Attention, aspiring book critics: It may be time to hit the record store

And I use the phrase "aspiring book critics" lightly, because – well, you know. Being a book critic was a questionable calling 20 years ago. These days, you might as well go into typewriter repair. (I kid! Some of my best friends... repair typewriters.)

Anyway, over at Paper Cuts, The New York Times' books blog, contributor Liesl Schillinger – a prolific and formidable critic – has been kind enough to run through the soundtrack to her writing life.

"I kickstart my process by listening to music that calls up the book’s mood," Schillinger writes. A playlist of loud and buoyant tunes is the fallback, "but for books that hearken back to a pre-Buddy Holly age, I’ve needed to make separate playlists," she adds. "A surprising number of the titles I read have to do with femmes fatales, the Jazz Age and the run-up to World War II."

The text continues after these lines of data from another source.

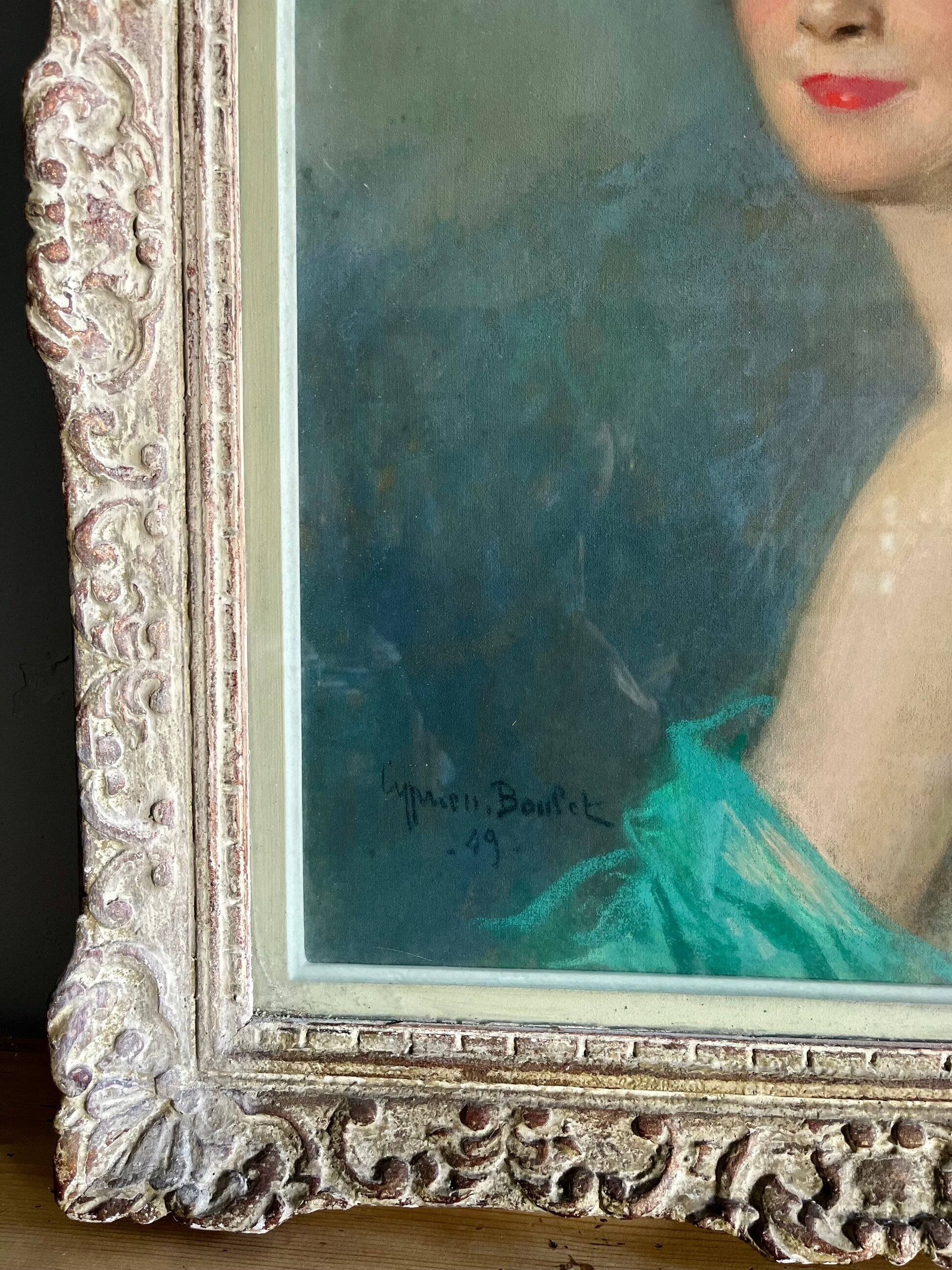Old portrait of a woman in pastel - Cyprien Boulet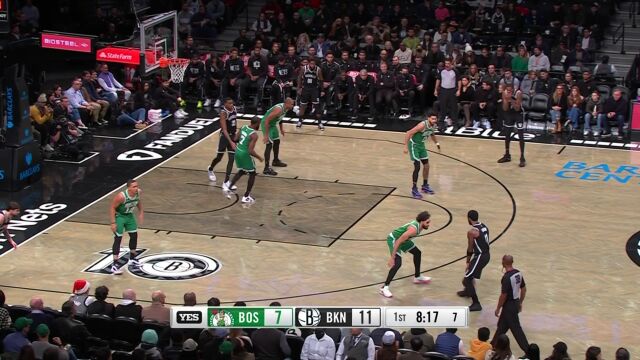 NBA常规赛：凯尔特人vs篮网第1节英文原声回放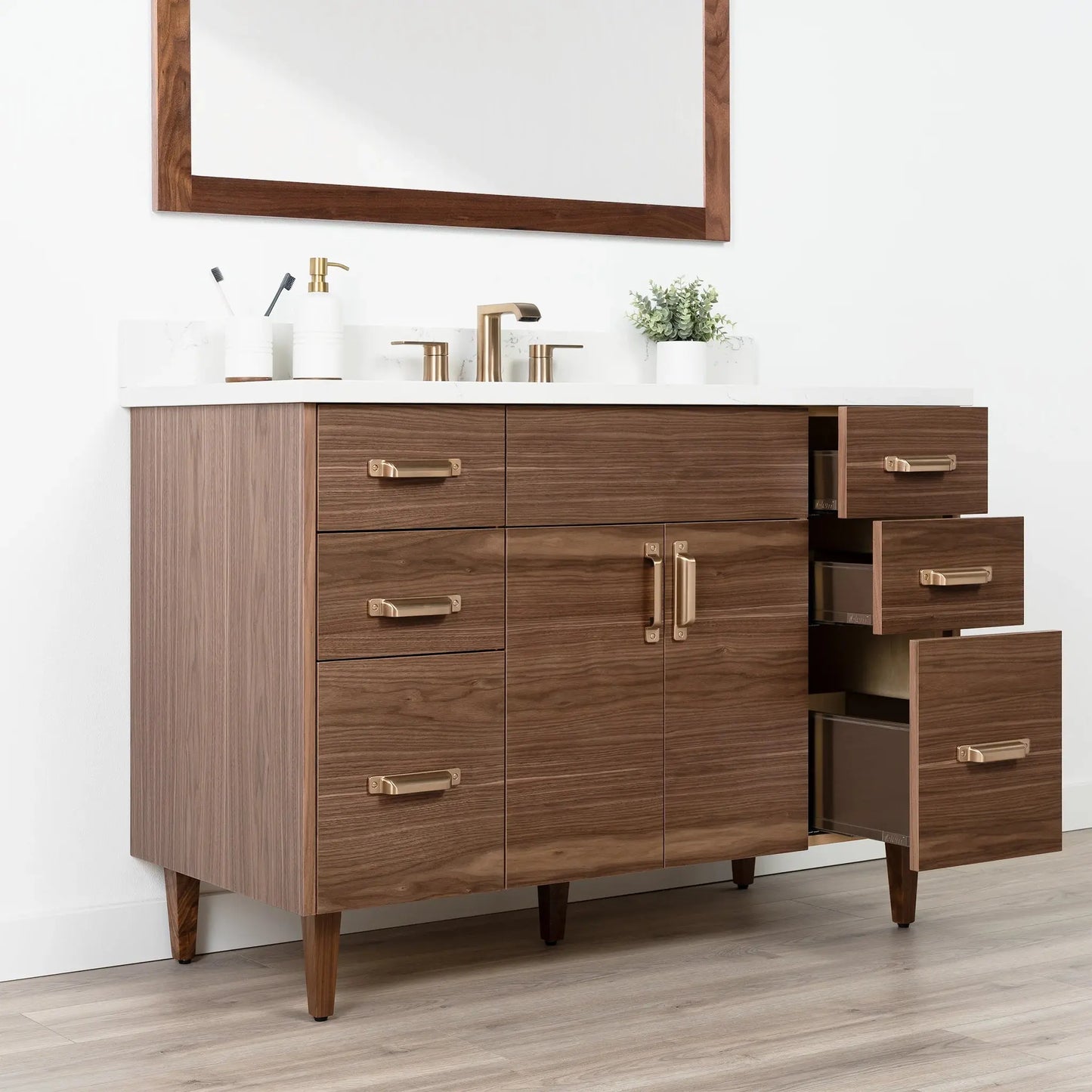 Austin Stainless SLIM 48" American Black Walnut Bathroom Vanity Teodor Bathroom Vanity Canada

As Valerie Merians notes over at Moby Lives – the blog of estimable publisher Melville House – Schillinger's taste is extremely diverse. She's got everything in there from Marlene Dietrich to Dr. Dog and some early Kinks, along with a bit of vintage jazz thrown in for good measure. I'm not sure where Liesl is digging these gems up, but I'm pretty sure she's made at least one trip to her local flea market.

My favorite? "All That She Wants," performed by faded pop stars Ace of Base. Schillinger says she sometimes plays the song when she's reviewing Russian-themed books. Here's her extremely erudite explanation (my block-quote button seems to be broken, so I'm going for italics):

In the Yeltsin era, this Swedish pop song rocked the dance club 011 (the number is the phone code for Belgrade), a popular boîte on Moscow’s Garden Ring road (Sadovoye Koltso), run by handsome young Serbs who had fled east, not wanting to get caught up in the Yugoslav war. At 011, they checked guns as well as coats at the garderob (cloakroom). “All That She Wants” brings my Moscow back to life, and reminds me of my British-Venezuelan roommate, who shared my tiny apartment in an apple grove on the edge of the city, commuted with me to the Russian magazine where we worked by day and coaxed me every night to hurry to the Sholkovsky Shosse highway and hail a car to take us to the dance clubs.